Leaky Data Pipelines: Uncovering the Hidden Security Risks
Security professionals know that the strength of their overall security posture is only as strong as their weakest link. While IT teams improved remote access infrastructure and beefed up IAM services during the pandemic, internally developed data pipelines are now one of the weak links that can lead to significant data breaches and business disruption. Data pipelines are increasingly important for running businesses today, as they facilitate the movement and processing of sensitive information, and any interruption or breach of this data can have significant business impacts.
We’ve seen self-hosted pipelines expose thousands of credentials from Apache Airflow – because pipelines were misconfigured, contained hardcoded passwords, and were not current on security updates. A pipeline may not store sensitive data, but it will have access to sensitive data for backups, data syncs, and other data movement tasks. If an attacker gains access to a pipeline, they can start monitoring or extracting data without a security team even noticing.
Customer and public-facing systems receive the majority of security attention, including security audits, pen tests, and design reviews. This is due to these systems being highly visible and critical for companies. Data pipelines are less visible but equally important systems that are often overlooked. Unless a company applies the same scrutiny to its pipelines as its production systems, it will be at risk. As we’ve seen from Solar Winds to Log4j to 3CX, supply chain attacks have been increasing so quickly the White House issued an Executive Order.
Hackers may find that internally developed data pipelines are particularly attractive due to their access to sensitive data. In addition, these internal pipelines are often maintained outside of normal engineering processes, and internal security teams may not even be aware of the risk, much less have the tools to monitor data leakage from an internal pipeline.
When data pipelines are maintained outside of software engineering teams by analytics staff or IT support teams (or worse, “shadow IT” deployments), different budgets, priorities and procedures can lead to gaps in securing the entire infrastructure.

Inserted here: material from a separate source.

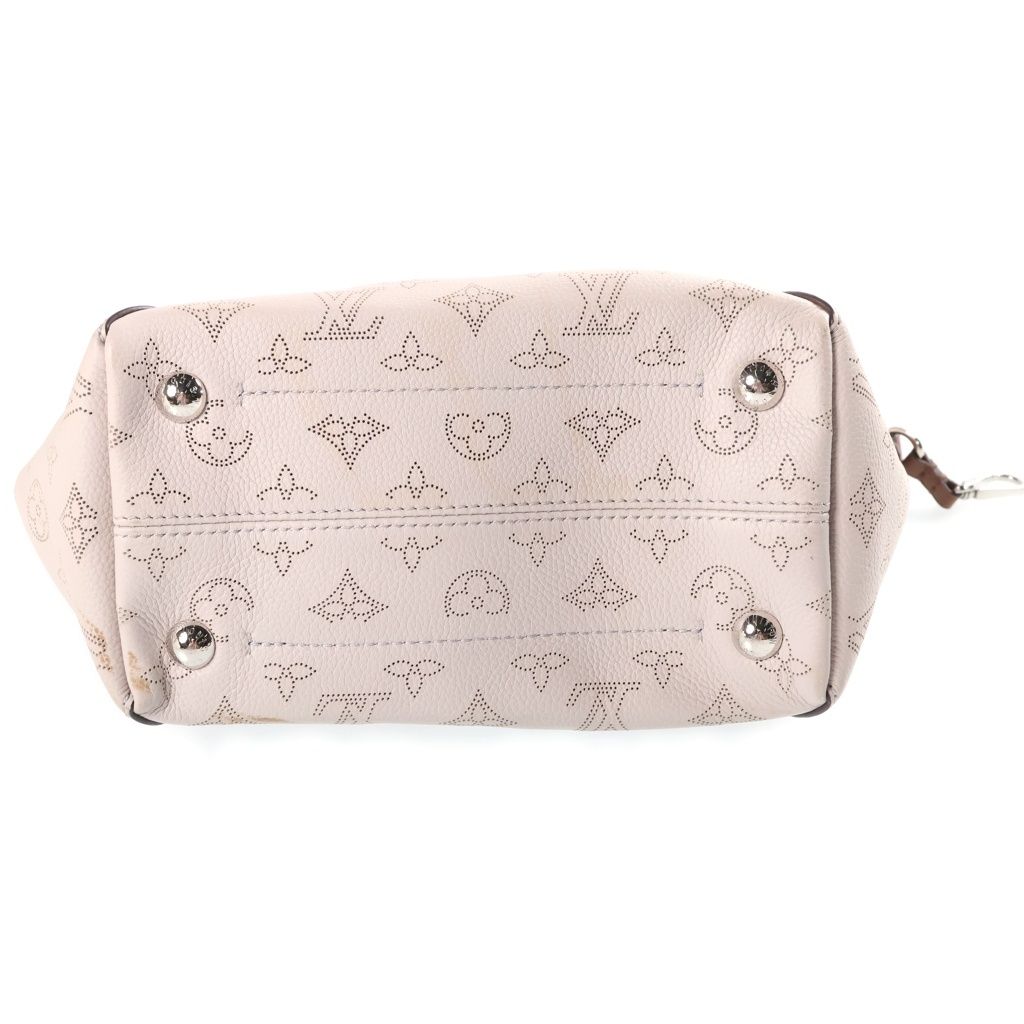 Louis Vuitton Hina PM Mahina Monogram Leather Shoulder Bag Beige Brown — view 4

When pipelines are maintained by IT generalists, this increases the risk of a misconfigured setting or hard-coded password leading to an exposure. And the nature of a data pipeline means it’s not as easy to detect if a bad actor is monitoring the data flow and just siphoning off information over time.
To help prevent these under-the-radar types of pipeline hacks, companies should apply the same security practices for their data pipelines as leading SaaS companies use to protect customer data. A “set it and forget it” mentality is obsolete in a connected world.

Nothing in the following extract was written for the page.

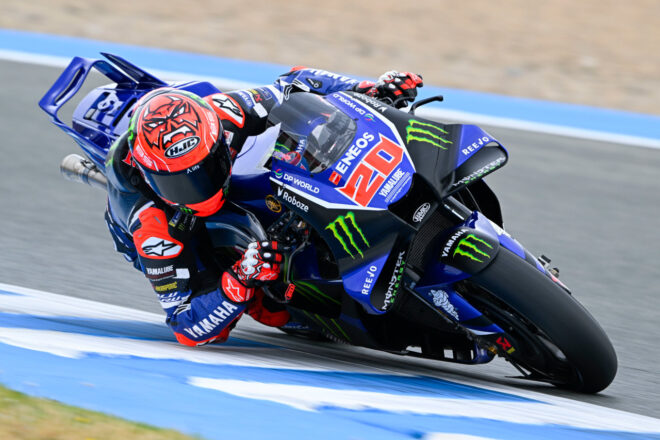 悪戦苦闘のヤマハ、新パーツでテスト実施も「トップタイムには程遠い」とクアルタラロ／第4戦スペインGP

Unfortunately, the amount of work needed to secure in-house datastreams and on-premises servers is about the same for a 50-person company as it is for a 5,000-person company, which means most 50-person companies won’t make the effort unless they use a SaaS approach. Some of the benefits of a managed pipeline include automated patching, encrypted storage of credentials, ongoing penetration testing, and multiple compliance audits.

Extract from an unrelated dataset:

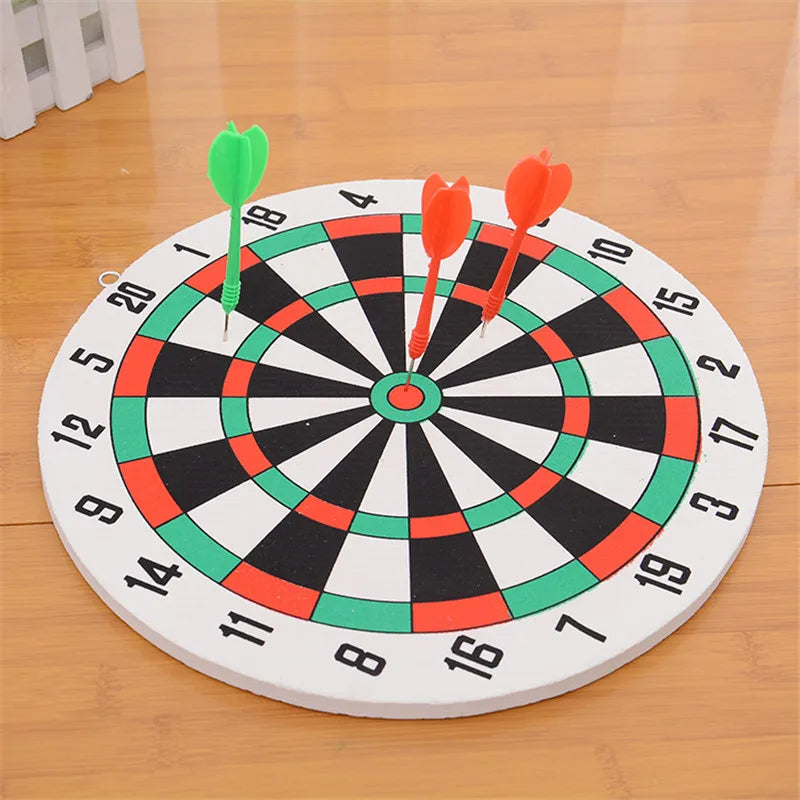 29.5cm Dual-Sided Foam Dartboard Set – Wall-Mounted Toy Darts Game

One of the first steps is to utilize security checking/configuration management tools from the cloud providers, such as AWS Trusted Advisor, or third-party cloud security posture management tools. These tools can check for common mistakes and ensure compliance with industry best practices. And companies should schedule regular audits and reviews to catch any misconfigurations that come up, along with annual pen test reviews. Utilizing a managed pipeline can reduce management overhead and ensure thorough testing.
Staying up to date on security patches and updates is always crucial, but out-of-date software can be easier to miss if it’s only running on internal systems. With all the supply-chain attacks, constant monitoring and patching is necessary to address vulnerabilities. The recently announced Supply-chain Levels for Software Artifacts (SLSA) Version 1.0 should help protect software code from tampering and facilitate secure development practices. Regardless, constant monitoring and patching are necessary to address vulnerabilities for external and internal services.
Another overlooked aspect of self-hosted pipelines is their architecture. Secure architectures define one primary function per server or container. PCI DSS and NIST 800-53 both require this as part of secure configuration and hardening. Most self-hosted pipelines run as a single server or container to simplify management. This is a risk if one component of the service (e.g. Log4j) has a vulnerability, an attacker can easily move anywhere in the system. A secure pipeline will separate the web application administrative interface from the database storing sync settings, and from the worker or connectors syncing data. With proper isolation, administrators can harden the system by limiting what each component can do, and alert when anomalies occur.
IT security professionals need to recognize the critical importance of securing data pipelines in a data-driven corporate environment. By utilizing comprehensive security practices, capitalizing on managed pipeline solutions, and implementing robust architectural controls, organizations can safeguard their data pipelines effectively. By doing so, companies will significantly enhance their overall security posture and protect sensitive information from potential breaches and disruptions.